### [AVAILABLE DATA]
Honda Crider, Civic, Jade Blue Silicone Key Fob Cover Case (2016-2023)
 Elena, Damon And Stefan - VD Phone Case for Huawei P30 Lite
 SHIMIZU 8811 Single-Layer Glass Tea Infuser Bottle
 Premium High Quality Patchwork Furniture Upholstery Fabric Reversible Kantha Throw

### [EXERCISE]
Having gone through the data above, repeat it exactly.

### [RESPONSE TO THIS EXERCISE]
Honda Crider, Civic, Jade Blue Silicone Key Fob Cover Case (2016-2023)
 Elena, Damon And Stefan - VD Phone Case for Huawei P30 Lite
 SHIMIZU 8811 Single-Layer Glass Tea Infuser Bottle
 Premium High Quality Patchwork Furniture Upholstery Fabric Reversible Kantha Throw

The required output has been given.